By Eric Heyer and Mathieu Plane
Every year the State spends nearly 1 percentage point of GDP, i.e. 20 billion euros, on general reductions in employer payroll taxes on low wages. It is thus legitimate to ask whether a programme like this is effective. A large number of empirical studies have been conducted to try to assess the impact of this measure on employment, and have concluded that it creates between 400,000 and 800,000 jobs.
As these estimates are performed using sector models, they do not take into account all the effects resulting from a policy of reduced social contributions on low wages, and in particular the impact of macroeconomic feedback, i.e. the effect of income gains, competitiveness gains and the financing of the measure.
In a recent study published in the Revue de l’OFCE (Varia, no. 126, 2012), we have attempted to supplement these evaluations by taking into account all the impacts resulting from a policy of reducing contributions on low wages. To do this, we performed a simulation of this measure using the OFCE’s macro-econometric model, emod.fr.
We were able to break down the various impacts expected from these reductions on employment costs into two basic categories:
- An overall “substitution effect”, which breaks down into a macroeconomic capital-labour substitution, to which is added what can be called an “assessment effect” linked to the targeting of the measure at low wages;
- A “volume effect”, which can be broken down between rising domestic demand due to lower prices and higher payroll, competitiveness gains due to improved market share internally and externally, and the negative effect of the measure’s financing, whether that involves raising the tax burden (prélèvements obligatoires) or cutting public spending.

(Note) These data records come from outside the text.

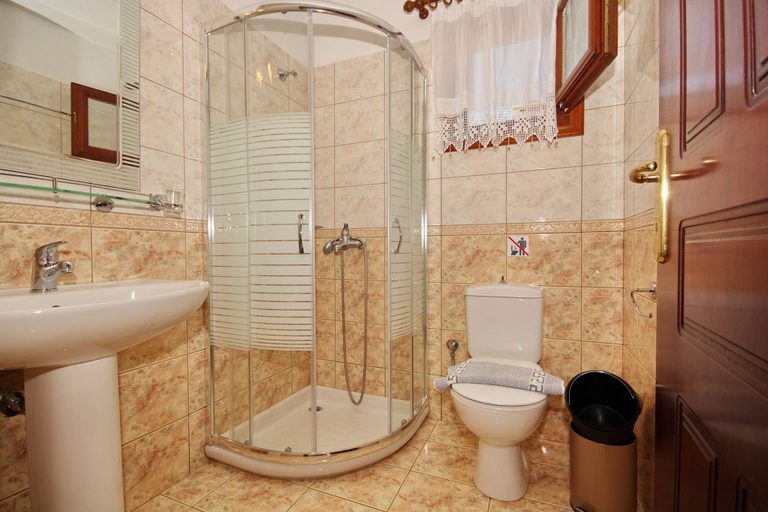 Bathroom 5, Agnantema Villas, Thessaly
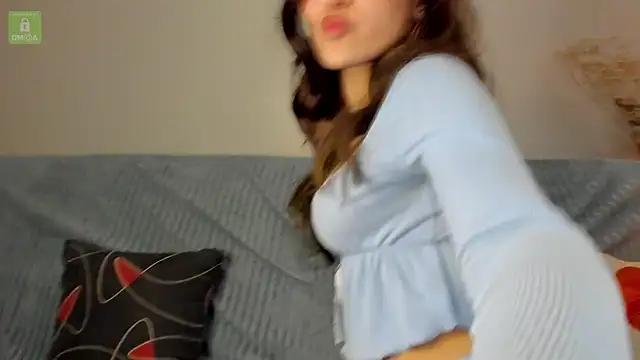 erika hoiree online show from 12-06-24, 03:19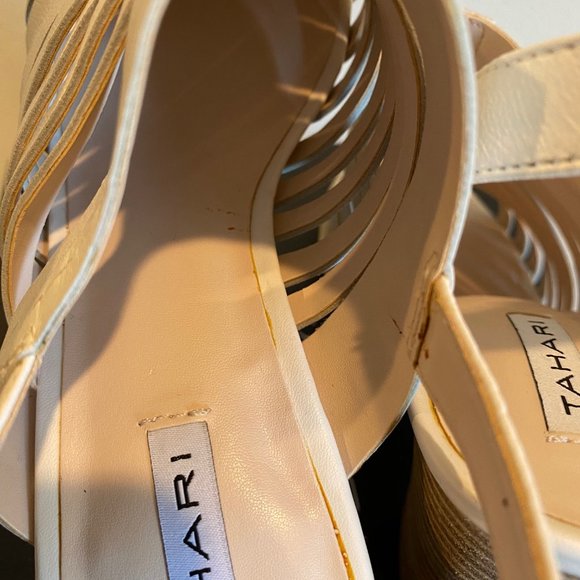 Tahari Makailyn Cream Leather Chunky Heel Sandal - Size 6M - Excellent Condition - Picture 6 of 7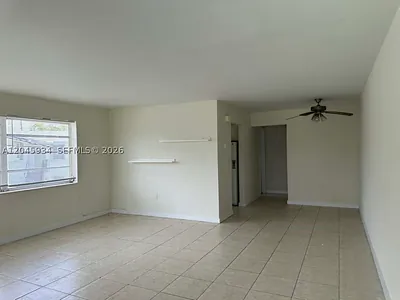 11925 NE 19th Drive 8, North Miami, FL 33181 #8 North Miami FL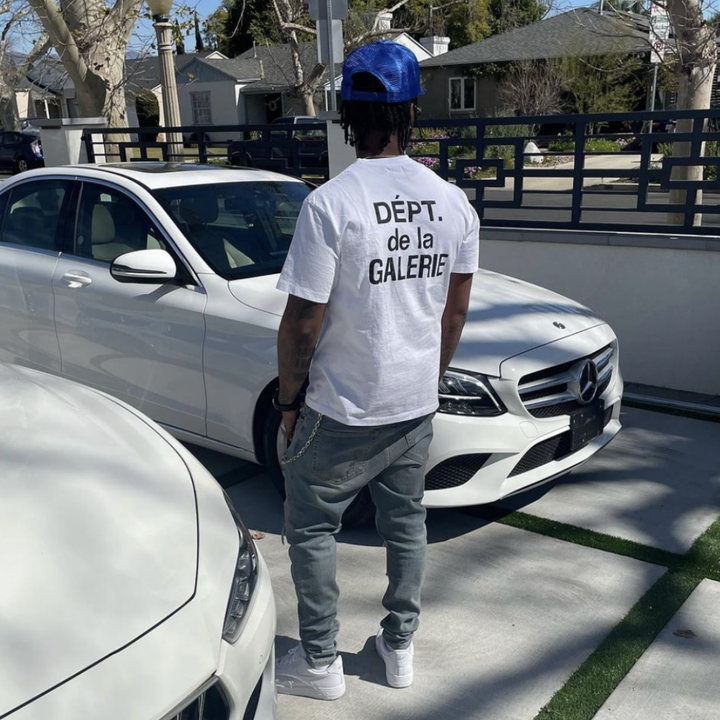 Gallery Dept. Künstlerisches Streetwear T-Shirt: Einzigartiges Deconstructed Design mit Handbemalung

Based on our assessment, summarized in Table 1, the exemptions from employer social contributions on low wages lead to creating 50,000 jobs in the first year and about 500,000 at the end of five years. Of the 503,000 jobs expected within five years, 337,000 would be due to the overall substitution effect, with 107,000 linked to the macroeconomic capital-labour substitution and 230,000 to the “assessment effect” linked to the sharp reduction in labour costs on low wages. In addition, 82,000 jobs are generated by the addition to household income and 84,000 by competitiveness gains and the positive contribution of foreign trade to the change in GDP. On the other hand, the “volume effect” on employment becomes negative if the measure is financed ex post: increasing a representative mix of the fiscal structure reduces the overall impact of the measure by 176,000 jobs at 5 years; reducing a representative mix of the structure of public spending reduces employment by 250,000 at 5 years.

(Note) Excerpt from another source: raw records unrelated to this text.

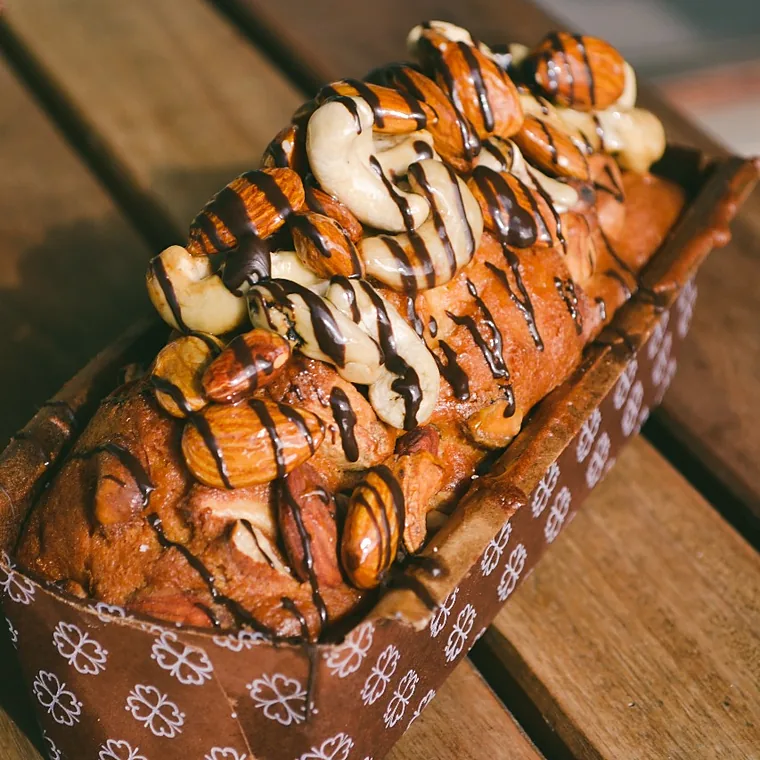 Budín con frutos secos y baño de chocolate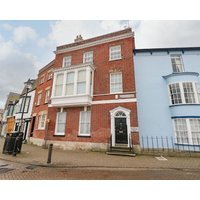 Monarch Romantic Character Holiday Cottage In Brewers Quay Harbour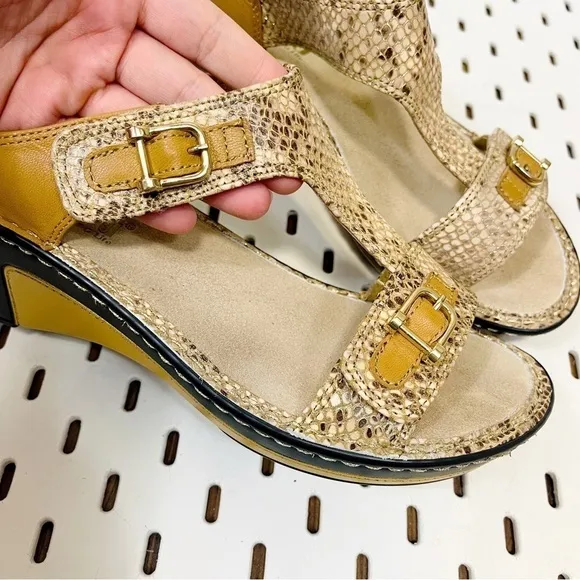 ALEGRIA Lara Gold Snake Leather T Strap Wedge Sandals - Size 38 / 8 - 8.5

Some of the jobs created come from competitiveness gains related to taking market share from our trading partners due to lower prices of production following the reduction in labour costs. This price-competitiveness mechanism works only if, first, firms pass on the reductions in social contributions in their prices of production, and second, our trading partners are willing to lose market share without a fight. We therefore simulated a polar opposite case in which it is assumed that our trading partners respond to this type of policy by enacting similar measures, which would negate our external gains.

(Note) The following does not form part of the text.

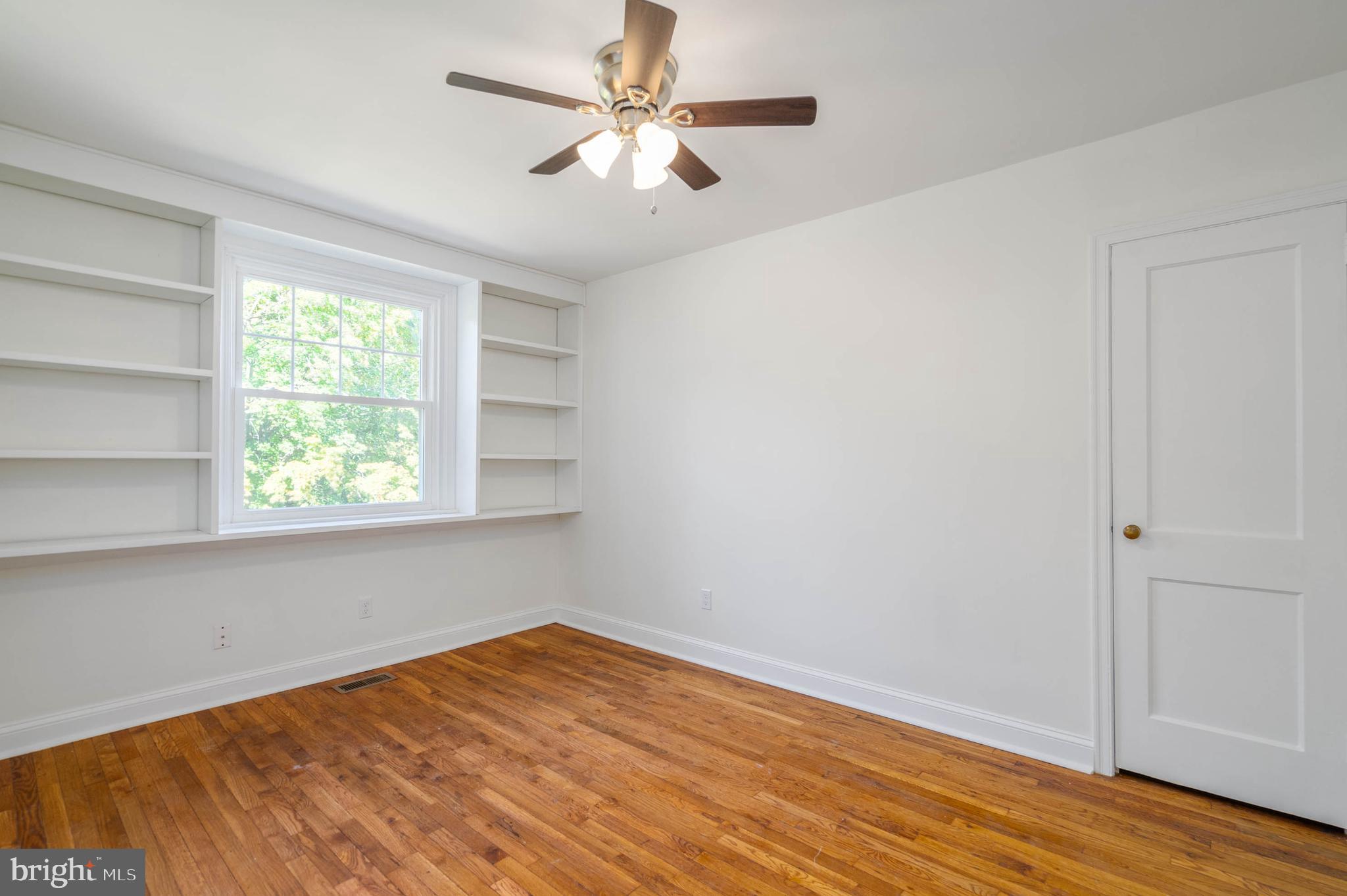 500 E Lancaster Ave #123a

While this does not modify the impact on employment related to the “substitution effect”, this assumption does change the “volume effect” of the measure, eliminating 84,000 jobs from gains in market share and increasing the negative effect of ex post financing due to the measure’s multiplier effect on weaker activities. In total, in the scenario in which the measure is funded ex post and does not allow gains in competitiveness, the exemptions on employer social security contributions on low wages would create between 69,000 and 176,000 jobs within five years, depending on how it is financed (Table 2). This result puts the initial figure of 500,000 jobs into perspective.